Vale destacar que, mesmo sem um bloqueio físico, o simples aumento da percepção de risco já é suficiente para gerar volatilidade nos mercados. Os superpetroleiros — que carregam milhões de barris de petróleo em cada viagem — passam a evitar a região, redirecionando rotas ou atrasando embarques. Em junho de 2025, relatos confirmaram que diversas embarcações realizaram manobras de retorno (U-turns) no meio do estreito, aguardando maior segurança antes de prosseguir.

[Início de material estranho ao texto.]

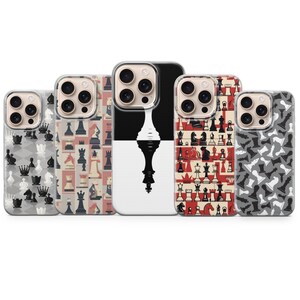 Coque pour téléphone jeu d'échecs King Pawn pour iPhone 17 Pro Max, 16e, 15, 14, 13 et Samsung S26 Ultra, S25 FE, A57, A56, Pixel 10, 9A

Portanto, o impacto da crise não depende exclusivamente da execução militar do bloqueio, mas da combinação entre ameaça crível, resposta internacional e vulnerabilidades logísticas do sistema energético global. A importância sistêmica de Ormuz revela-se justamente em sua capacidade de provocar instabilidade mundial mesmo em cenários de conflito limitado — e isso faz do estreito não apenas uma via de transporte, mas um símbolo do grau de fragilidade e interdependência da economia internacional contemporânea.

A Ameaça como Dilema Estratégico

Embora a ameaça de fechamento do Estreito de Ormuz seja uma das cartas mais poderosas no arsenal diplomático e militar do Irã, sua efetivação envolveria altos custos econômicos, riscos militares severos e consequências políticas imprevisíveis para o próprio regime iraniano. Trata-se de um dilema estratégico clássico: quanto mais crível a ameaça, maior a pressão internacional; mas, se implementada, ela pode desencadear efeitos adversos irreversíveis para o próprio ator que a executa.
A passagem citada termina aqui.